*DIRECTIONS*
Lines from the top of the entries down to the line with "Christmas Cute Cookies" must be set down exactly as they stand, with both ends retained.

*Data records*
# # # # #

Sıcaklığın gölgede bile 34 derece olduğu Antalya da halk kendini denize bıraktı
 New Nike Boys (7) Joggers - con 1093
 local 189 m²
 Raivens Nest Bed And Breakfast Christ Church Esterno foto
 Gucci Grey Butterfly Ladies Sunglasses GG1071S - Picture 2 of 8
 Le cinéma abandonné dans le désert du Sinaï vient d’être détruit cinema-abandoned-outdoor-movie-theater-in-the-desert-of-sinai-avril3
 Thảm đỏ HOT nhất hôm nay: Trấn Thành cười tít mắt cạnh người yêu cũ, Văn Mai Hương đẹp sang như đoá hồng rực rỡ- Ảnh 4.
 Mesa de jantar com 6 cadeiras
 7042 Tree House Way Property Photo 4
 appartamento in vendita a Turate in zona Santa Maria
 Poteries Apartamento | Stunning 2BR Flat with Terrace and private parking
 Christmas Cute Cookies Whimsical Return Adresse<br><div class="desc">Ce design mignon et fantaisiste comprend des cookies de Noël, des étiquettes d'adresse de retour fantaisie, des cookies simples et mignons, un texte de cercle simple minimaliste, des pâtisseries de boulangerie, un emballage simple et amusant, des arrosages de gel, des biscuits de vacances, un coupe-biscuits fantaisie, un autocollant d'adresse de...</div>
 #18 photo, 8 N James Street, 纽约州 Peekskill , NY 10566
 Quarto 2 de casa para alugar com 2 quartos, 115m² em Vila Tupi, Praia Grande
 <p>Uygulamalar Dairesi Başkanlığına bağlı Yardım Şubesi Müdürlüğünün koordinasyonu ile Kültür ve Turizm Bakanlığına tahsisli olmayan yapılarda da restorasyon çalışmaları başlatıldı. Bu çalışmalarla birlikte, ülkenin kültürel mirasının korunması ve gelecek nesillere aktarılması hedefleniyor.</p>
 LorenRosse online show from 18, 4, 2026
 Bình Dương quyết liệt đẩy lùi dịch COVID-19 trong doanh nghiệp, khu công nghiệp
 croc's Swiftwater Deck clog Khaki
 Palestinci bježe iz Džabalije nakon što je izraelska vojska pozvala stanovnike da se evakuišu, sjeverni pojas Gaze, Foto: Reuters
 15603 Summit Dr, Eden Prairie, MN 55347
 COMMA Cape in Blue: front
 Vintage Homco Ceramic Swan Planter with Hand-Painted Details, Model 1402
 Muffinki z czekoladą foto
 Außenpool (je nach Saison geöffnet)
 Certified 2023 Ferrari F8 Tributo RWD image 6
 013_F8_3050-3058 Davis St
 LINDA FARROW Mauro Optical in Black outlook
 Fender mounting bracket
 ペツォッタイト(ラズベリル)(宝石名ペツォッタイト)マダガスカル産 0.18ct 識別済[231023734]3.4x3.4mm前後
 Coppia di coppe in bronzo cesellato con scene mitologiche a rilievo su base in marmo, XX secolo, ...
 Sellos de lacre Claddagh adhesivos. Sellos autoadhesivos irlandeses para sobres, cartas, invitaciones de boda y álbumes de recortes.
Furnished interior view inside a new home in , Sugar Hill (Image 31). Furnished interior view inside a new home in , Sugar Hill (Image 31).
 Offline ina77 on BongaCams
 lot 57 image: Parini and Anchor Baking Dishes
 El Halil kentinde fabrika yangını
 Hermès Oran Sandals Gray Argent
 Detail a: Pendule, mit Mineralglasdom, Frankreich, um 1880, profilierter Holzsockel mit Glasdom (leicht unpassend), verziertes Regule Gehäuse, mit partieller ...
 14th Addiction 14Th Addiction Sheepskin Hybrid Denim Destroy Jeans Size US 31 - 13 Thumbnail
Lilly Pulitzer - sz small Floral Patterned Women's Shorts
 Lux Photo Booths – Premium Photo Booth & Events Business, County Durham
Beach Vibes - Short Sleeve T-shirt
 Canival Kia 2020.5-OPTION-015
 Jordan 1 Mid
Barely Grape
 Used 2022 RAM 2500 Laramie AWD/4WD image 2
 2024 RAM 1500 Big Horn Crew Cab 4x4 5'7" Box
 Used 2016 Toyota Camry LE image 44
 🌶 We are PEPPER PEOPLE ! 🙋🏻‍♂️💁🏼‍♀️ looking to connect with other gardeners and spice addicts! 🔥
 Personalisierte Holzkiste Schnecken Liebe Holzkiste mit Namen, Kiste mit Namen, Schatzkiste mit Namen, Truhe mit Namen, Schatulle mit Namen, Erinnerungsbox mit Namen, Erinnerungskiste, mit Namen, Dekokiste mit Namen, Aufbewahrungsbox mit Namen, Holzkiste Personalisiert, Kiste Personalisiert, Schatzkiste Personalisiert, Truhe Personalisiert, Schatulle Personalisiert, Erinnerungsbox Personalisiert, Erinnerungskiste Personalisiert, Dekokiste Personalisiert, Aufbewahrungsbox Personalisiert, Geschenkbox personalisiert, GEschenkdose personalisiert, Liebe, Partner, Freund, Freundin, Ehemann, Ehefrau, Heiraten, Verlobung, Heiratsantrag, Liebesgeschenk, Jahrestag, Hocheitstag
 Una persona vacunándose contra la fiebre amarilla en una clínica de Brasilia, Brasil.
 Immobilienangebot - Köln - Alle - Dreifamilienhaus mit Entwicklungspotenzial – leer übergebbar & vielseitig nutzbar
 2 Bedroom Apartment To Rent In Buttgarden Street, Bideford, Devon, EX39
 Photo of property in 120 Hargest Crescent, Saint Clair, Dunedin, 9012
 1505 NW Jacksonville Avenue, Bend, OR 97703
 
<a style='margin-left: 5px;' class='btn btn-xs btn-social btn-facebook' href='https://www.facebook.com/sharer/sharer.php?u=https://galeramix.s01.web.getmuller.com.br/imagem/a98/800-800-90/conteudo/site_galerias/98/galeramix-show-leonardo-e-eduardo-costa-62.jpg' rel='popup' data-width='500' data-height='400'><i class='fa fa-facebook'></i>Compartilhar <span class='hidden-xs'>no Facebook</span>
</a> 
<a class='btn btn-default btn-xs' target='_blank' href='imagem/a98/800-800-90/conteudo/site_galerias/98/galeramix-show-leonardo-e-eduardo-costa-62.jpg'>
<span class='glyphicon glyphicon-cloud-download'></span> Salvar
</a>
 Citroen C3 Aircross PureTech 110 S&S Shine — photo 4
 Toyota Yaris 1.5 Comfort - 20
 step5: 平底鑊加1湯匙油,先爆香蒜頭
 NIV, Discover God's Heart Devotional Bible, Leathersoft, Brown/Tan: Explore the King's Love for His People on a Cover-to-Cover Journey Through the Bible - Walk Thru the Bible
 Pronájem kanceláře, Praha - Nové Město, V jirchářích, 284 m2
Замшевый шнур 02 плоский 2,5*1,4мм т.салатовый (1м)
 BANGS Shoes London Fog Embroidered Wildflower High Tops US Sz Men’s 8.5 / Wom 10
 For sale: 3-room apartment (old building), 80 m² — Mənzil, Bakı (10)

# # # # #

*TASK SOLUTION*
Sıcaklığın gölgede bile 34 derece olduğu Antalya da halk kendini denize bıraktı
 New Nike Boys (7) Joggers - con 1093
 local 189 m²
 Raivens Nest Bed And Breakfast Christ Church Esterno foto
 Gucci Grey Butterfly Ladies Sunglasses GG1071S - Picture 2 of 8
 Le cinéma abandonné dans le désert du Sinaï vient d’être détruit cinema-abandoned-outdoor-movie-theater-in-the-desert-of-sinai-avril3
 Thảm đỏ HOT nhất hôm nay: Trấn Thành cười tít mắt cạnh người yêu cũ, Văn Mai Hương đẹp sang như đoá hồng rực rỡ- Ảnh 4.
 Mesa de jantar com 6 cadeiras
 7042 Tree House Way Property Photo 4
 appartamento in vendita a Turate in zona Santa Maria
 Poteries Apartamento | Stunning 2BR Flat with Terrace and private parking
 Christmas Cute Cookies Whimsical Return Adresse<br><div class="desc">Ce design mignon et fantaisiste comprend des cookies de Noël, des étiquettes d'adresse de retour fantaisie, des cookies simples et mignons, un texte de cercle simple minimaliste, des pâtisseries de boulangerie, un emballage simple et amusant, des arrosages de gel, des biscuits de vacances, un coupe-biscuits fantaisie, un autocollant d'adresse de...</div>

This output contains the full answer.